::: DATA IN THIS EXERCISE :::
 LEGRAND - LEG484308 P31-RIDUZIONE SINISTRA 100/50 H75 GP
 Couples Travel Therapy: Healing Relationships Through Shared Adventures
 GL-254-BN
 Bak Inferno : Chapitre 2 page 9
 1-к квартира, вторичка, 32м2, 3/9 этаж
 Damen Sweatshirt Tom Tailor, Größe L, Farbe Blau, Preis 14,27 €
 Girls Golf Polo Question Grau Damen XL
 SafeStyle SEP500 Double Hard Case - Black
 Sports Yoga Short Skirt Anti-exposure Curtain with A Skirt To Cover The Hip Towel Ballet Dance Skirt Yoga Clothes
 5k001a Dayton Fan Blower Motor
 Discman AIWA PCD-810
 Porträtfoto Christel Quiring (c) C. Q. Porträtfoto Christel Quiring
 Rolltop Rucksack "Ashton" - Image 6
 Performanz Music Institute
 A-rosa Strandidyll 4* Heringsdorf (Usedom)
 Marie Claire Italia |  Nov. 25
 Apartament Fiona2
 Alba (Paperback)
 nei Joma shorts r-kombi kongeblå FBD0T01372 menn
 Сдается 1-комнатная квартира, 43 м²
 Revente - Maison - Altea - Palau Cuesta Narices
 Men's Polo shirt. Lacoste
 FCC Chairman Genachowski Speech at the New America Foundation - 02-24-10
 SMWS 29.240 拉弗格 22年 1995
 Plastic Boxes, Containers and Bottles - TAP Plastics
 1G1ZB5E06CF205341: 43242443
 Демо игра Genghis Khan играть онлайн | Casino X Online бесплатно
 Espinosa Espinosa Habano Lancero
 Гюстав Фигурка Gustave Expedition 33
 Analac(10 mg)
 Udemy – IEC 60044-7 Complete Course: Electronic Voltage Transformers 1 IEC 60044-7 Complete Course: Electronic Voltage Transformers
:::
→ **WHAT NEEDS TO BE DONE**
Only the lines from the one containing "Гюстав Фигурка Gustave Expedition 33" through the last line of the records above are to be reproduced, exactly and with both ends included.

→ **RESPONSE FOR THIS EXERCISE**
 Гюстав Фигурка Gustave Expedition 33
 Analac(10 mg)
 Udemy – IEC 60044-7 Complete Course: Electronic Voltage Transformers 1 IEC 60044-7 Complete Course: Electronic Voltage Transformers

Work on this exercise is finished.